Texas is divided into 5 very large geographic regions. The Coastal Plain is pretty much like Florida and other Gulf States. Shrimp boats, fishing, surfing, etc. Lots of Vietnamese refugees moved there during the fall of Vietnam back in the 1970s.
To the northeast, it’s much like the Deep South. Even have coal mines and lumber mills. (Coal miners and lumberjacks in Texas?!?! Oh, my!) The Panhandle is a Kansas clone. Out west, the Trans-Pecos, is desert, looks like the stuff they film in Southern California and call Texas. But you can’t have ranches where there is no grass and no water. Ranches tend to be more central, where it rains. These days they have oil wells and wind farms in the desert.
Houston is a major port, like New Orleans. Back in the 1840s-50s, lots of European refugees came to Texas. Like people in neighborhoods in New York, they tended to stay together, but built their own towns. So we have towns of Germans, Czechs, Poles, Danes, etc., with their own foods and cultures. There’s a big Czech brewery, plus a guy in Austin who makes vodka. (Imagine a Texas lumberjack drinking vodka in a Polish restaurant in a Czech town.
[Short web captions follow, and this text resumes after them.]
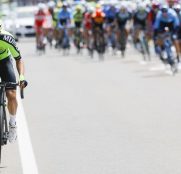 sergio-samitier-vuelta-aragon-2019-etapa2-baja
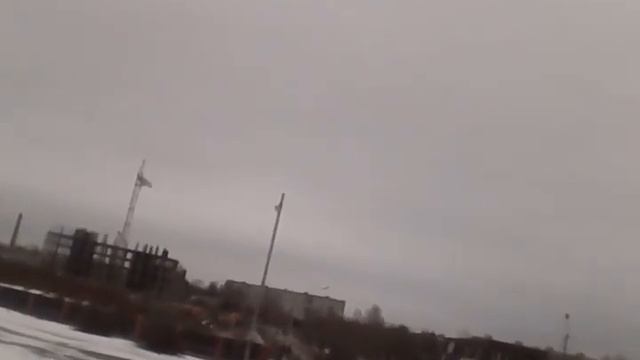 Пьём фери смотреть онлайн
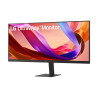 Monitor Profesional Ultrapanorámico LG UltraWide 34U511A-B 3 | APLIUM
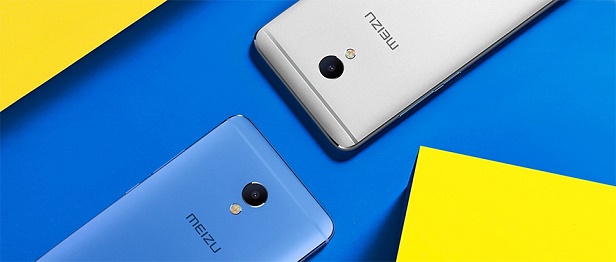 魅藍E怎么樣 1299元魅藍E發布會圖文回顧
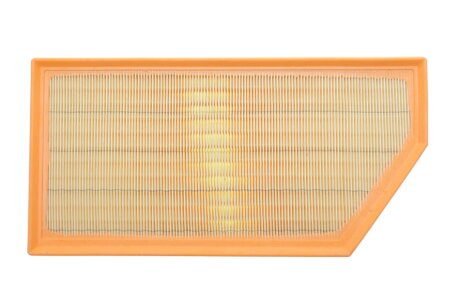 Фильтр воздушный MB E-class (W213)/S-class (W222/W223)/C-class 2.0d OM654/3.0d OM656/3.0 M256 16- ALPHA FILTER AF1962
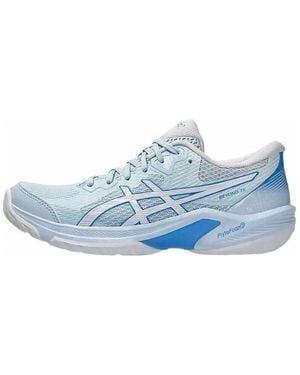 Asics (Wmns) Beyond Ff 'Light' - Blue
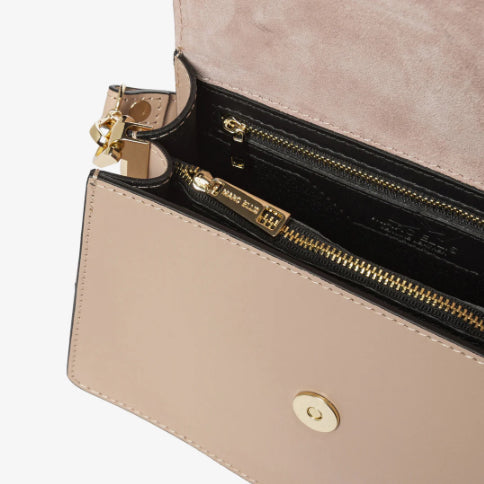 KOURTNEY BORSA A SPALLA - MARC ELLIS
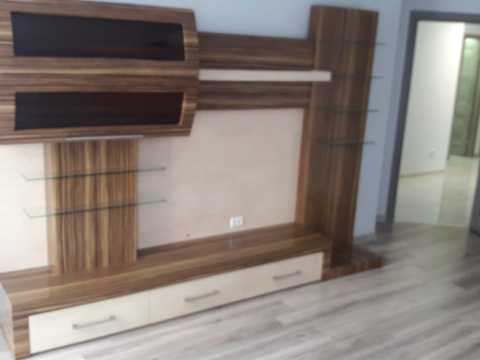 квартира по адресу Белогорская ул., 18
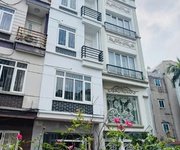 Bán nhà gần mặt phố ngay cầu diễn - dt 40m đang cao trào giá rẻ nhất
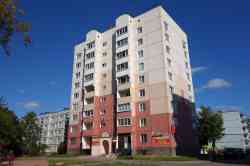 301 КБ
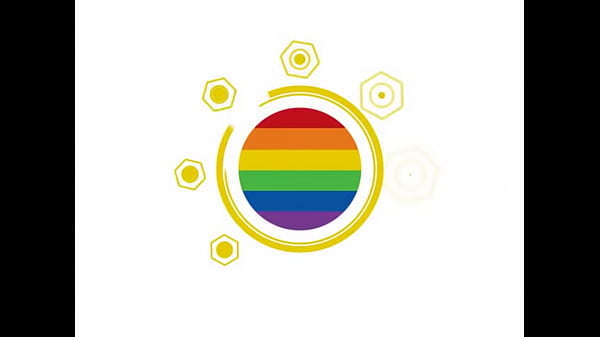 Guy swallows all the big cock cum at his homemade gh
Makes the brain hurt, yes? LOL)
West of Austin is the Hill Country. Looks like parts of Italy. Even have vineyards and wineries.
Austin is one of the high-tech centers of the US. We have IBM, Dell, AMD, Google, Amazon, and many more here. Which means a very, very large Asian population (Chinese and Indian, mostly). Have had more Asian restaurants than Mexican restaurants for over 30 years now. Several Hindu and Buddhist temples, mosques, etc., too. You can go to services at a Hindu temple, eat afterward at an Ethiopian restaurant, then maybe go downtown for the world premiere of a movie. No cowboy hats or boots, but maybe some saris or turbans. 8->
So, yeah, trust ye not the cowboy movies. There was a brief period of about 20 years just post-civil war that fits the cowboy movies, but that’s it. Not the same before or after.